Sara T. Brand is an American business executive. She is the founder of True Wealth Ventures and co-founder of (512) Brewing Company.

Biography
Brand grew up in both Wisconsin and Arizona.

Brand obtained a bachelor's degree in mechanical engineering from the University of Texas at Austin in 1996.

She enrolled at the University of California at Berkeley in 1996 and graduated in 1998 with a master's degree in mechanical engineering and a management of technology certification from Berkeley's Haas School of Business, and then a doctorate degree in mechanical engineering in 2000.

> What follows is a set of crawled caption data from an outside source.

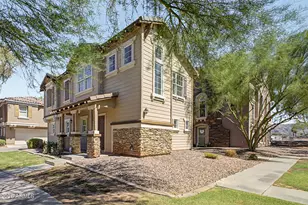 2113 E Huntington Dr, Phoenix, AZ 85040 - Photo 9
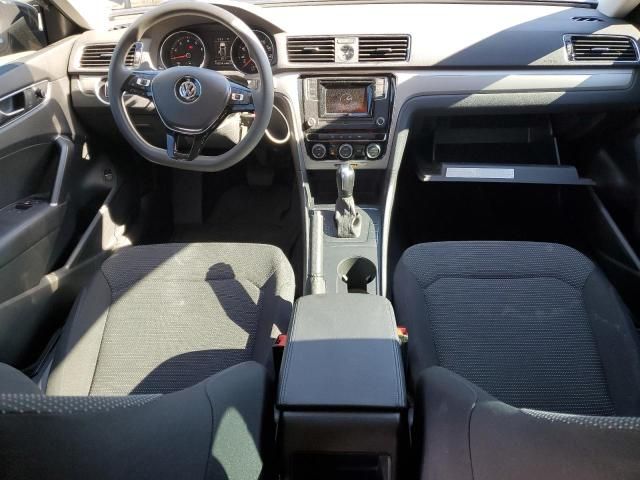 2017 Volkswagen Passat s
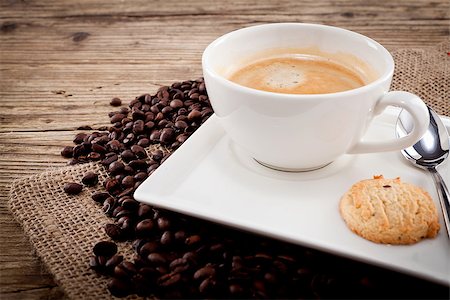 simsearch:400-07299272,k - fresh aromatic coffee and cookies on wooden table Fotografie stock - Microstock e Abbonamento, Codice: 400-07307198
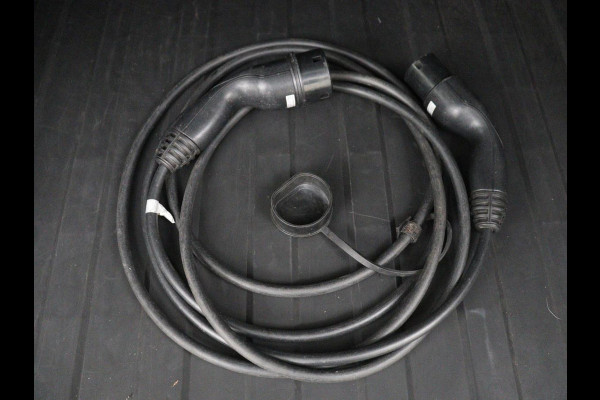 Land Rover Discovery Sport P300e 1.5 R-Dynamic SE | Panoramadak | Head-Up | Leder | Trekhaak | Matrix LED | Stoelverwarming | Keyless | Park Assist | Carplay | Navigatie | Memory | PHEV | Plug In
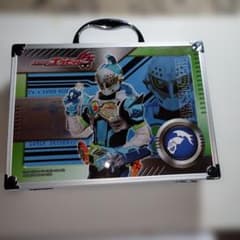 仮面ライダーエグゼイド 仮面ライダーブレイブ アタッシュケース　カードケースのサムネイル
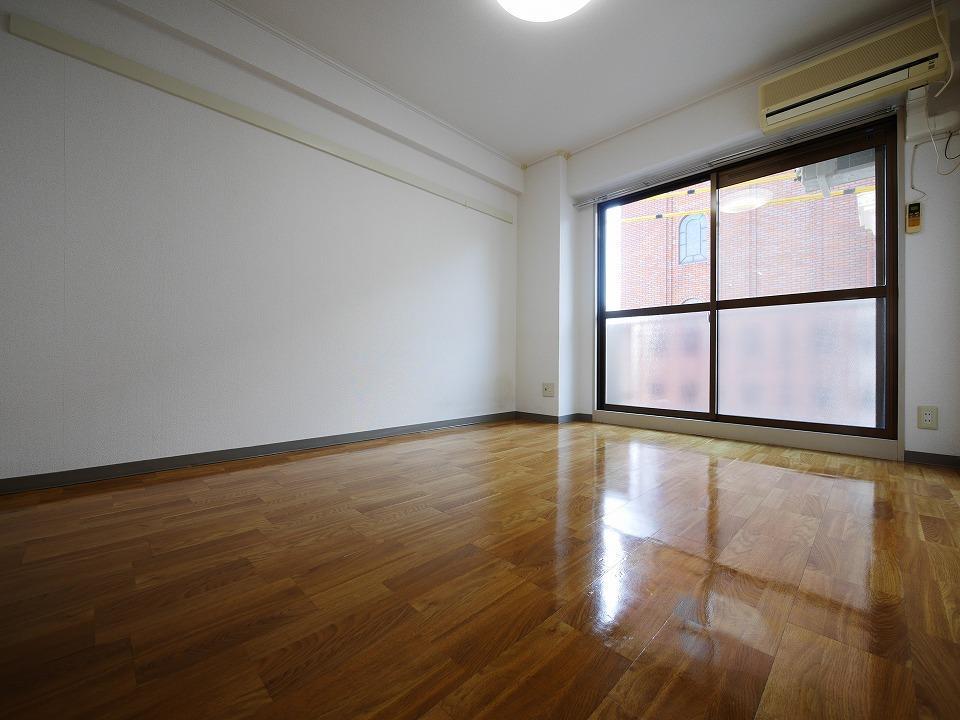 居室・リビング　大きい窓が風通しと日当たりをよくします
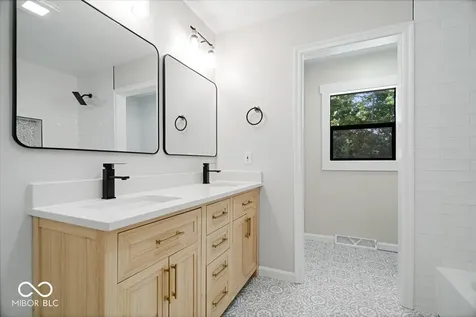 6102 Forest View Drive Indianapolis IN 46228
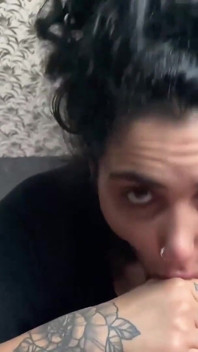 Tätowierte MILF entleert ex-freund mit schlampigem blowjob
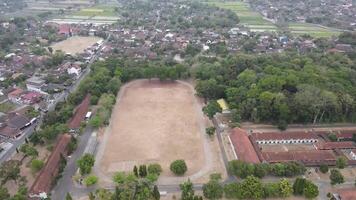 ein oben Aussicht auf ein Fußball Feld mit verschlechtert Gras Oberfläche video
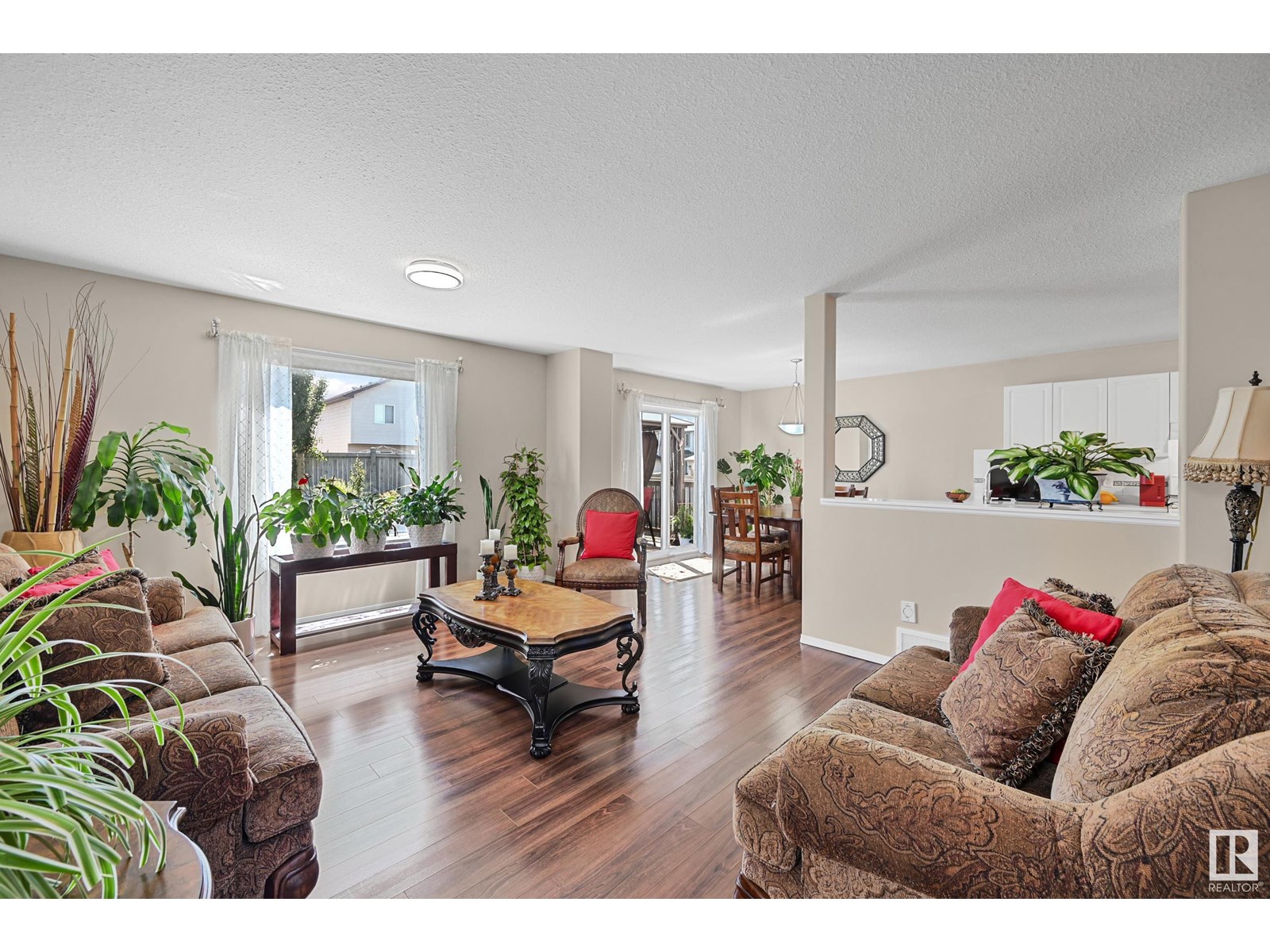 3371 25 AV NW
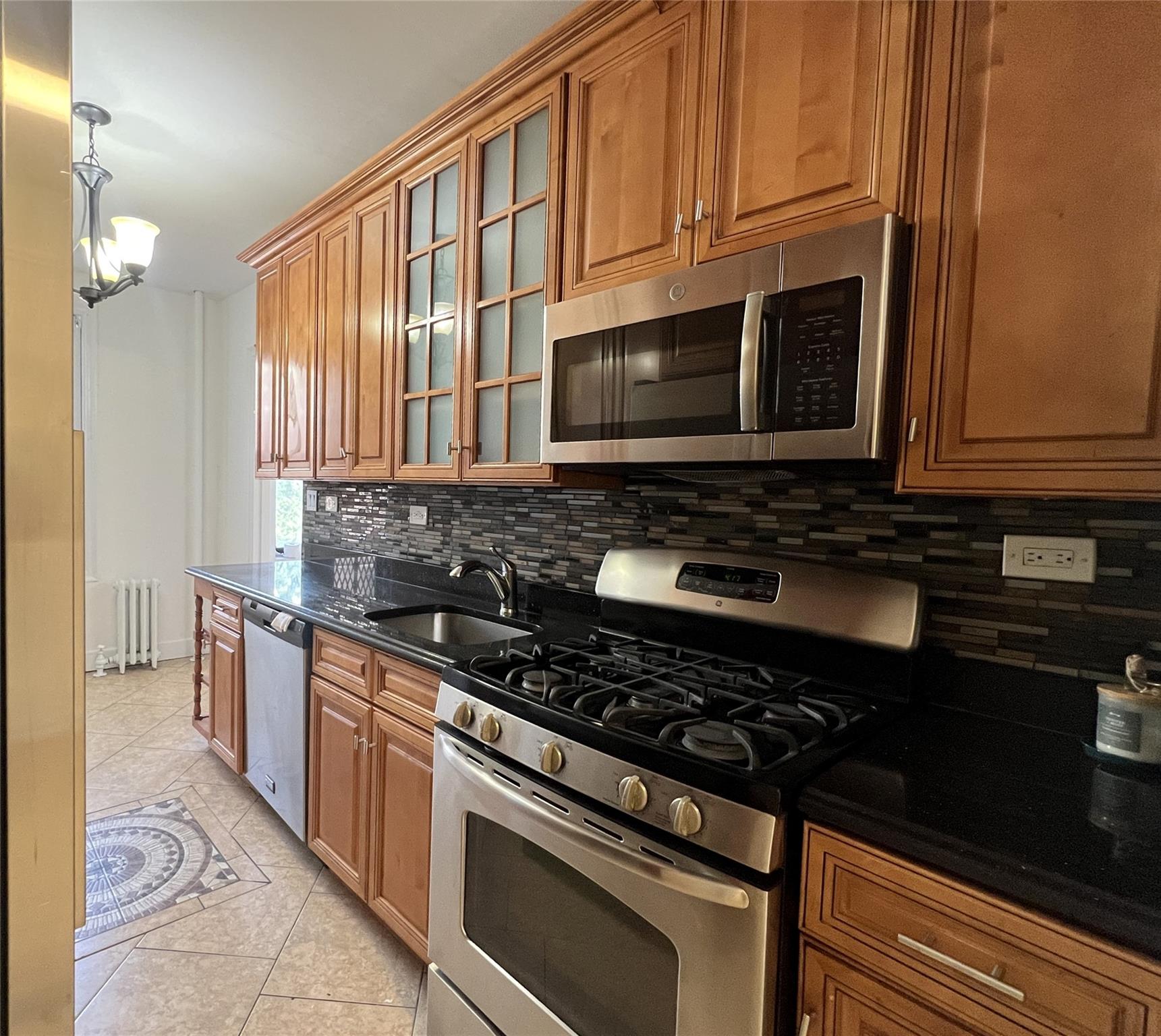 #13 photo, 3392 Wayne Avenue, Bronx , NY 10467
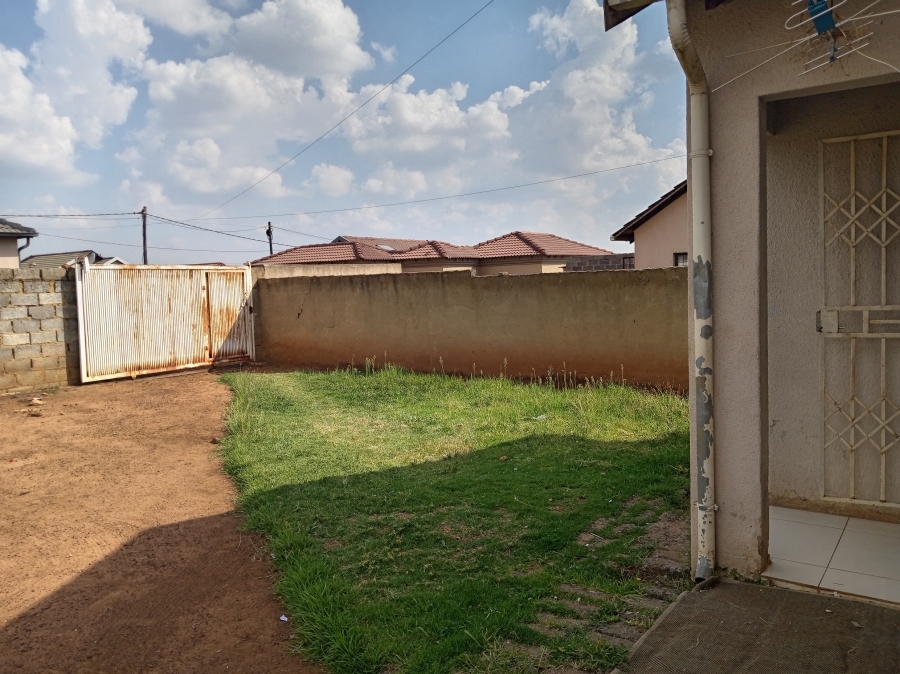 2 Bedroom Property for Sale in Bram Fischerville Gauteng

Before her career in venture capital, Brand worked as a semiconductor researcher in several companies including Intel and Applied Materials, and she served as a strategic management consultant at McKinsey & Company. She also worked at Fremont Ventures in San Francisco for a few years before joining AMD, where she stayed over a decade until 2015, leading AMD's acquisition integration of ATI Technologies in 2006 and reporting directly to three of the company's four CEOs during her tenure.

In 2008, she and her husband, Kevin Brand, co-founded (512) Brewing Company. 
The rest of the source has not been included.